Reps. Aaron Schock and Adam Kinzinger, who are not only Illinois’s two youngest members of Congress, but two of the youngest members in the entire House, have collaborated on a POLITICO Op-ed warning of the national debt’s dangers to the Millennial generation.
Millenials are 30 and under, which doesn’t quite include Schock, 31, or Kinzinger, 35. But they’re as close as you’ll find among the political class. Their co-authors are Rep. Jaime Herrera Buetler, R-Wash., who is 34, and Rep. Cathy McMorris Rodgers, R-Wash., 43.
The debt has increased by $6 trillion under this president — and it is now larger than the entire U.S. economy. When these millennials reach retirement age, the public debt will be 247 percent of gross domestic product, according to the Congressional Budget Office. This trajectory is unacceptable and unsustainable. But it is also the most avoidable crisis in history — if Washington starts getting serious about spending.
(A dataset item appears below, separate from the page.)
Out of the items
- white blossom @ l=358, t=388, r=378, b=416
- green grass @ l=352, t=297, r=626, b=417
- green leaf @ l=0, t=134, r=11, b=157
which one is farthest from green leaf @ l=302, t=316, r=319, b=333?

Right now, each young person’s share of the national debt is $52,000 — and it will grow to nearly $70,000 per child by 2016. That is enough to put a down payment on a house, pay for a college education or start a new business. It’s not a Republican issue or a Democratic issue; it’s a math issue. Washington is spending money it doesn’t have —$3 for every $2 we take in — and we’re giving the next generation a diminished future because of it. For our millennial generation, the national debt threatens their ability to go to college, find a job and start a family. They deserve smarter spending cuts, pro-growth tax reform and an economy in which they are afforded opportunities, not deprived of them.
In 2008, 66 percent of voters under age 30 went for President Obama. In 2012, it was 60 percent. Since partisan preferences are usually formed during youth, Republicans are in danger of losing the Millennials forever. Young voters are turned off by the Republicans’ opposition to abortion rights and same-sex marriage. As the least white generation in American history, Millenials don’t recognize themselves in the Republican Party, which has remained monolithically white, even as the nation becomes more diverse.
As Schock and Kinzinger demonstrate, the Republicans have more exciting young politicians than the Democrats. Now, they are desperate to find an issue which will help the party connect with young Americans.